Purpose : To determine the concentration of atropine with most tolerable side-effects by assessing the effect of three concentrations of atropine on pupil size and accommodative amplitude in children with myopia.

Methods : Children with myopia (spherical equivalent, SE ≥ -0.50D with astigmatism ≤-2.00D) were randomly allocated to receive either 0.01%, 0.02% or 0.03% atropine eye drops, once nightly for two weeks. Primary outcomes were change from baseline for pupil diameter (mm) and accommodative amplitude (D). Photopic pupil size was measured with Oculus Park 1 (OCULUS Optikgerate GmBH, Wetzlar, Germany) with illuminance at eye of 350 lux. Accommodative amplitude was measured using the push-up method with the Royal Air Force (RAF) Ruler. The criteria for tolerable side effects were set at residual accommodative amplitude > 5D and change in photopic pupil size < 2mm. Comparison between study groups was performed using repeated measures Analysis of Variance (ANOVA). Statistical significance was set at p< 0.05.

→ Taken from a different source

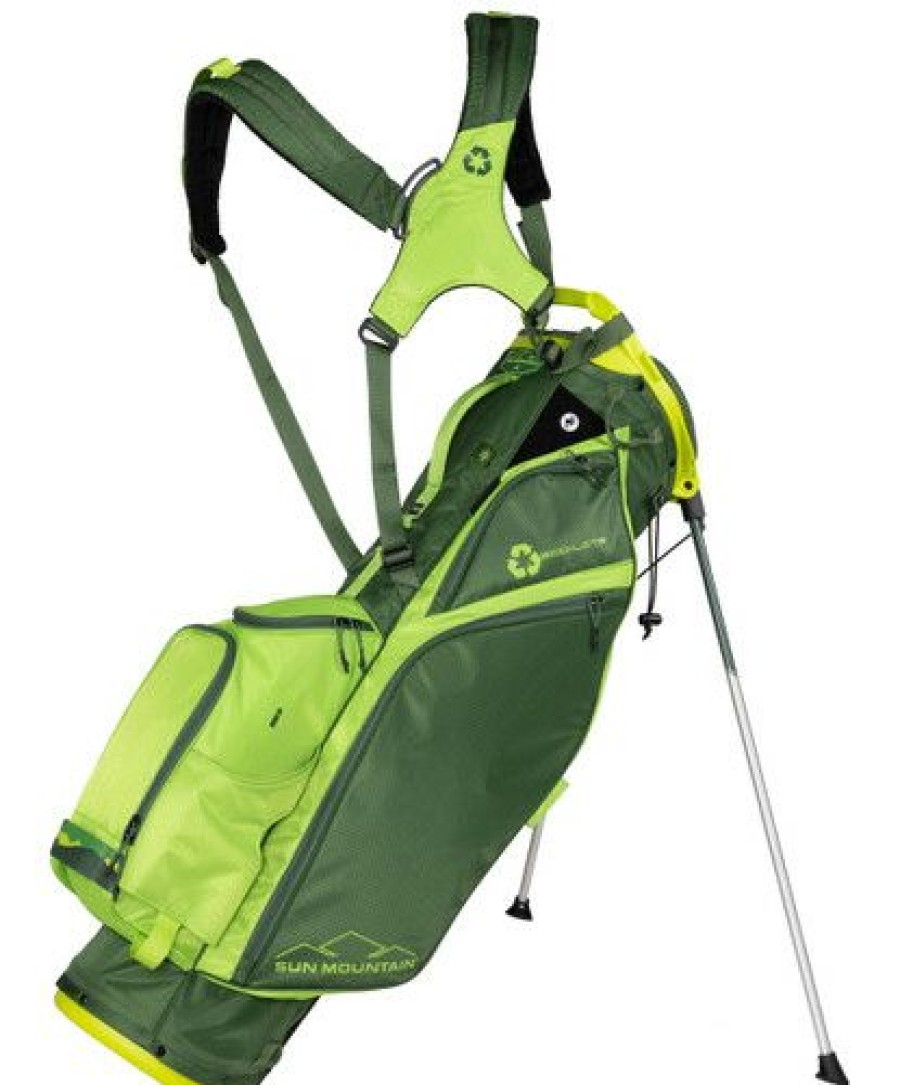 Golf Bags * | Sun Mountain Eco-Lite Stand Bag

Results : Fifty-seven participants (mean age 9.26 ± 1.66 years, range 6 to 12 years old) with mean SE-3.53 ± 1.79D) completed the two-week trial. Baseline data of photopic pupil size (3.91 ± 0.63, 4.30 ± 0.79, 4.18 ± 0.84 mm) and accommodative amplitude (19.40 ± 1.72D, 19.75 ± 0.93D, 19.27 ± 1.74D), for 0.01%, 0.02% and 0.03%, respectively were not different between groups. After 2 weeks of atropine use, all the concentrations had a significant effect on the pupil diameter and accommodative amplitude (p<0.05). A reduction in accommodative amplitude and an increase in photopic pupil size were observed. Mean reduction in accommodative amplitude was 5.23 ± 4.11D, 9.28 ± 3.26 D and 9.32 ± 2.83D and mean increase in photopic pupil size was 0.95 ± 1.05 mm,1.65 ± 0.93 mm and. 2.16 ± 0.88 mm for 0.01%, 0.02% and 0.03% concentrations,respectively. Of the participants, 96.5% had residual accommodative amplitude > 5D with only two eyes in each group of 0.02% and 0.03% having the residual accommodation equal or less than 5D.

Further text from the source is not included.